Data section
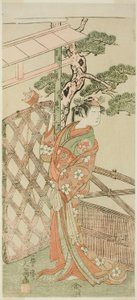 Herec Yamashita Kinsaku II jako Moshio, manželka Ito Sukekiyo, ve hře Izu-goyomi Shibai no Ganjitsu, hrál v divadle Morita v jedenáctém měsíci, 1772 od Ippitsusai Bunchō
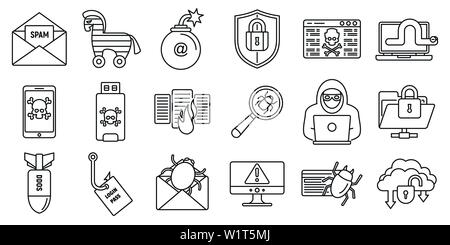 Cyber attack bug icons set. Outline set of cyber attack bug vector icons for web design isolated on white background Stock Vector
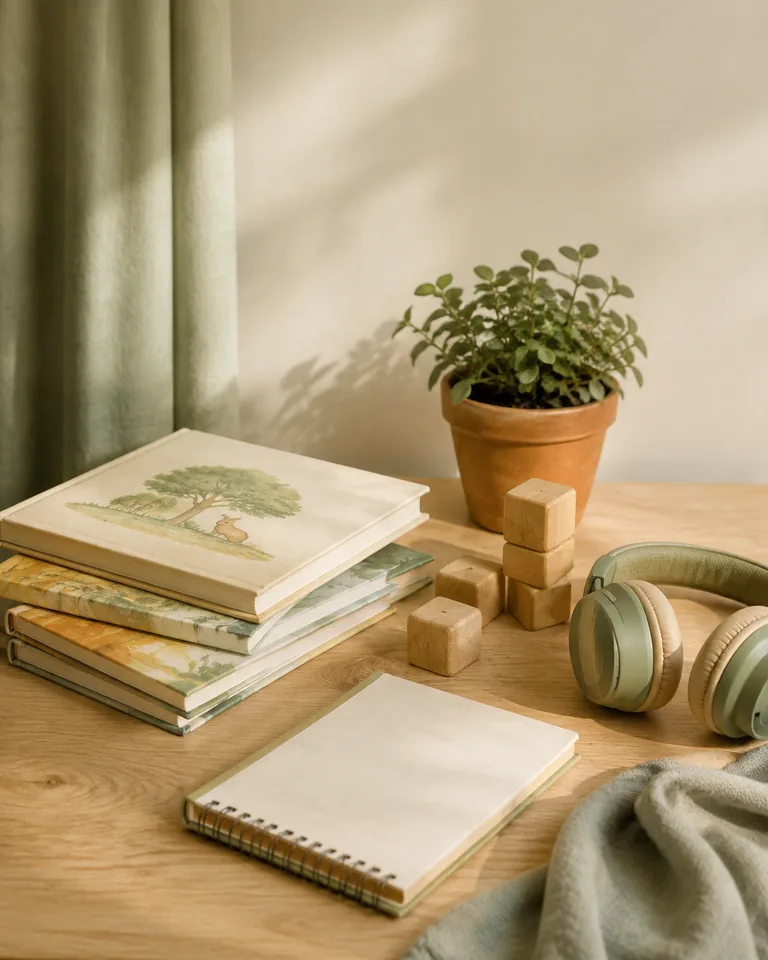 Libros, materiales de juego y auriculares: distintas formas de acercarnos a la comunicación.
--
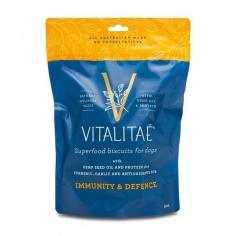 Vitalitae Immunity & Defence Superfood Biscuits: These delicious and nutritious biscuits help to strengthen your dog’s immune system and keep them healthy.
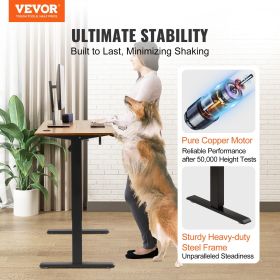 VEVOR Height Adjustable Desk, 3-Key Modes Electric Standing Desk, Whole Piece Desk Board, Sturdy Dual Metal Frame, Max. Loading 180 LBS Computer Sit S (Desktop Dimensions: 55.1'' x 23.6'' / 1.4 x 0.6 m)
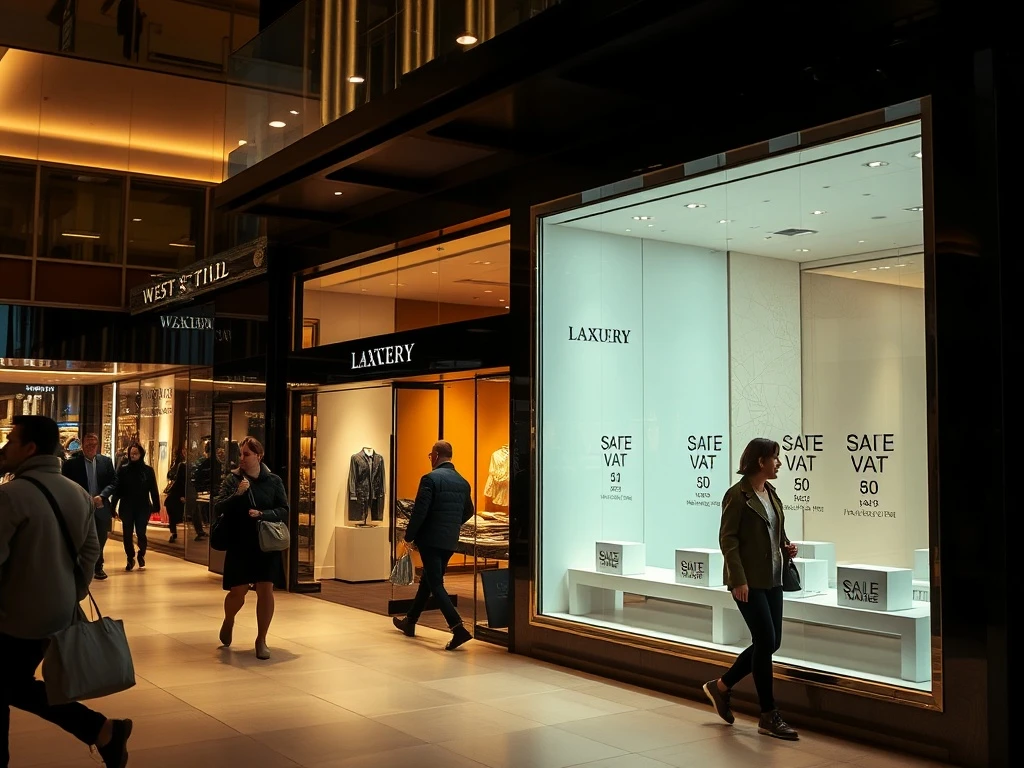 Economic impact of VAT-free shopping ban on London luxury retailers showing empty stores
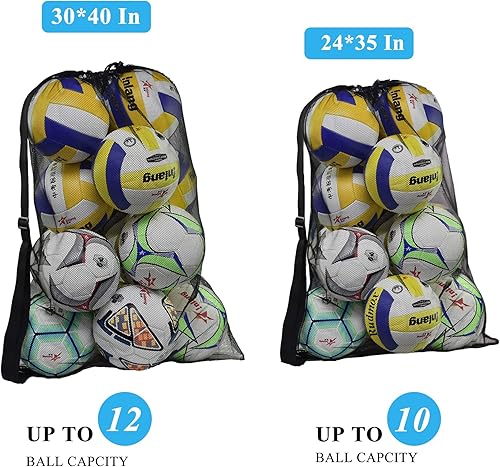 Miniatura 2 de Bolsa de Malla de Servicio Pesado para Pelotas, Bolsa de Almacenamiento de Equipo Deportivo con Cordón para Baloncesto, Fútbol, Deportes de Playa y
...
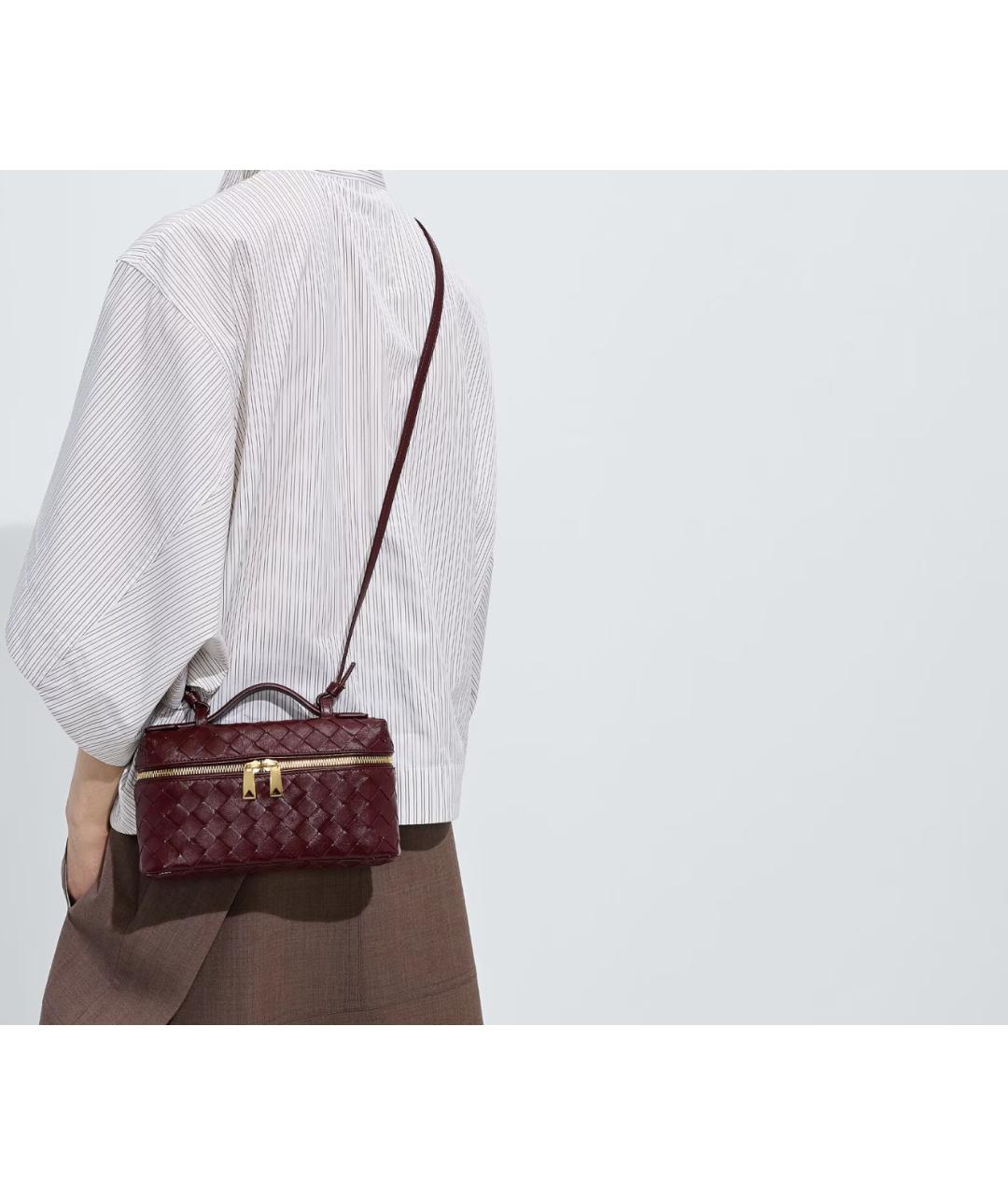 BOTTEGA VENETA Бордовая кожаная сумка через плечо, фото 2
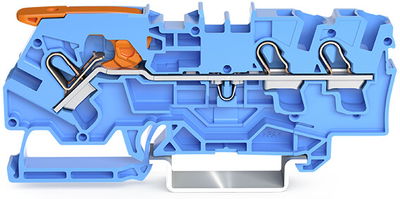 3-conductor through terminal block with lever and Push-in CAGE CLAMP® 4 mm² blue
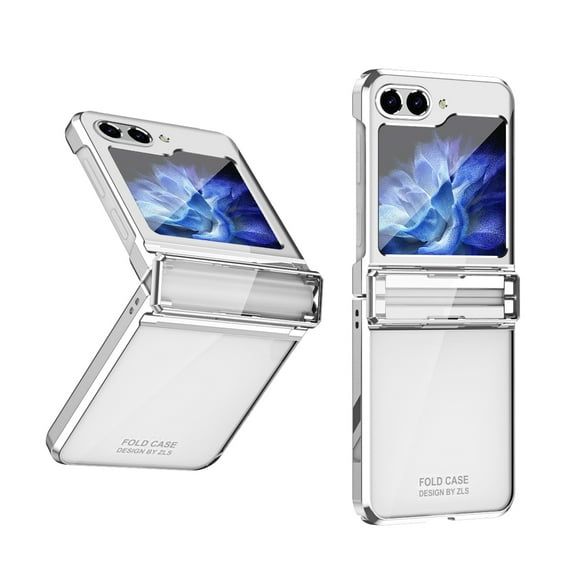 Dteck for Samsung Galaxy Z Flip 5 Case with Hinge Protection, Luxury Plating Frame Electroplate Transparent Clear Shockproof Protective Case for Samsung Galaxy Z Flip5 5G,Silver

What is needed
Both the line containing "Herec Yamashita Kinsaku" and the line containing "Libros, materiales de" above belong in the output, as do the lines between them. Print them exactly, without pictures.

Output of the task
 Herec Yamashita Kinsaku II jako Moshio, manželka Ito Sukekiyo, ve hře Izu-goyomi Shibai no Ganjitsu, hrál v divadle Morita v jedenáctém měsíci, 1772 od Ippitsusai Bunchō
 Cyber attack bug icons set. Outline set of cyber attack bug vector icons for web design isolated on white background Stock Vector
 Libros, materiales de juego y auriculares: distintas formas de acercarnos a la comunicación.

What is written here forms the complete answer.